Glossary Species Home
abrupt: Generally refers to a call that starts at nearly maximum volume (e.g., Dickcissel). A call said to have an abrupt ending ends at nearly maximum volume. See "lazy".
arched: Refers to a call that descends then rises (or vice-versa) in pitch. We use the term to refer to how a call sounds and also to its shape in a spectrogram. For example, a Chipping Sparrow flight call is upward-arched, while a Gray-cheeked Thrush flight call is downward-arched:
upward-arched Chipping Sparrow flight call downward-arched Gray-cheeked Thrush flight call
band: The time-frequency contour of a single tone in a spectrograph.
burry: Subtle modulations with an "r" sound (e.g., Veery).

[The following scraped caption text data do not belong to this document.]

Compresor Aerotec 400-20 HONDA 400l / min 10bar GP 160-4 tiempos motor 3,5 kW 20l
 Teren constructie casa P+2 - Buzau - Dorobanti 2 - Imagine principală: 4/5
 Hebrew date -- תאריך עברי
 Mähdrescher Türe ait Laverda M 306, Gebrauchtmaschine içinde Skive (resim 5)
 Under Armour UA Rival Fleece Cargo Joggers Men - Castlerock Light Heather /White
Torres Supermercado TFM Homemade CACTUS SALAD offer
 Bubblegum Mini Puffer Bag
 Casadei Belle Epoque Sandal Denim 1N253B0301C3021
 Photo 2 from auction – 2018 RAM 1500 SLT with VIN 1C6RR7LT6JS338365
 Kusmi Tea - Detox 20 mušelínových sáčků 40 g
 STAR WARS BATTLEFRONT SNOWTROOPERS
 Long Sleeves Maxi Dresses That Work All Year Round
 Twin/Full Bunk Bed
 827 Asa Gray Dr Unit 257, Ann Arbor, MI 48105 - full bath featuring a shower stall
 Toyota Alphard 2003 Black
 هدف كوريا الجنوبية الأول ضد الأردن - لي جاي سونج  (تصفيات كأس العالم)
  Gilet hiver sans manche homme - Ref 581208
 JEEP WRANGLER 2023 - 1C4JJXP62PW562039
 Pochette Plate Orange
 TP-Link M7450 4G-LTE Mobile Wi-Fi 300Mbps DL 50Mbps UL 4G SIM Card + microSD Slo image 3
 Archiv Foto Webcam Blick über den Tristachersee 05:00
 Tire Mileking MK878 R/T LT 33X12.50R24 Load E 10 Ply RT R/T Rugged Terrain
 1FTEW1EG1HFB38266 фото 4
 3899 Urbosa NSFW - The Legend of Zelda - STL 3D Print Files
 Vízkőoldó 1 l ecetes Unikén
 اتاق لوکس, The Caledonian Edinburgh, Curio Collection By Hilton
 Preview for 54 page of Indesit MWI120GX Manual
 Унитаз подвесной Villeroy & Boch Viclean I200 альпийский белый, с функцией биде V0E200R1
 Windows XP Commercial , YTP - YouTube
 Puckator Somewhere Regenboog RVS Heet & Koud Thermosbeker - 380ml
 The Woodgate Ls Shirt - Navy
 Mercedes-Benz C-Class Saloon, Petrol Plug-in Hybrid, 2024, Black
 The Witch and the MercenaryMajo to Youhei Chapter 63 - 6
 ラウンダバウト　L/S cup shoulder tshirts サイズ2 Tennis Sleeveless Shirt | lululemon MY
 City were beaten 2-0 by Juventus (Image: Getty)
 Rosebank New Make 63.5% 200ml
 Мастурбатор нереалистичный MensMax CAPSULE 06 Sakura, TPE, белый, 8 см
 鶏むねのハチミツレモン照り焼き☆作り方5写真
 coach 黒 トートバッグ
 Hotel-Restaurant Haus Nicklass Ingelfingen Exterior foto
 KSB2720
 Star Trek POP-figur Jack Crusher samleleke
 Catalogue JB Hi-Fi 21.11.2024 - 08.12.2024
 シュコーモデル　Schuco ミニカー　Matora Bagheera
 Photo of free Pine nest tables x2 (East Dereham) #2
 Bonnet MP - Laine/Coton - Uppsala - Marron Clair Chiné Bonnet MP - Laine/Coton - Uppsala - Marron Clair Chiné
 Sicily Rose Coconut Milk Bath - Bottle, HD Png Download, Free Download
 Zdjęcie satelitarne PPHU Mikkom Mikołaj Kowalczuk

buzzy: A "z"-sounding overtone created by modulations (e.g., Yellow Warbler) or very closely-spaced separate notes creating a similar effect (e.g., Dickcissel). A finer buzz has faster modulations (e.g., Swamp Sparrow) and a coarser buzz has slower modulations (e.g., Indigo Bunting).
chip note: A short vocalization, often used as an alarm note, given primarily by perched birds year-round. In many species this call can be phonetically rendered as "chip".
coarse: Generally used to characterize the buzzy quality of a call. A call with a coarser buzz has slower modulations (e.g., Louisiana Waterthrush has a coarser buzz than Worm-eating Warbler).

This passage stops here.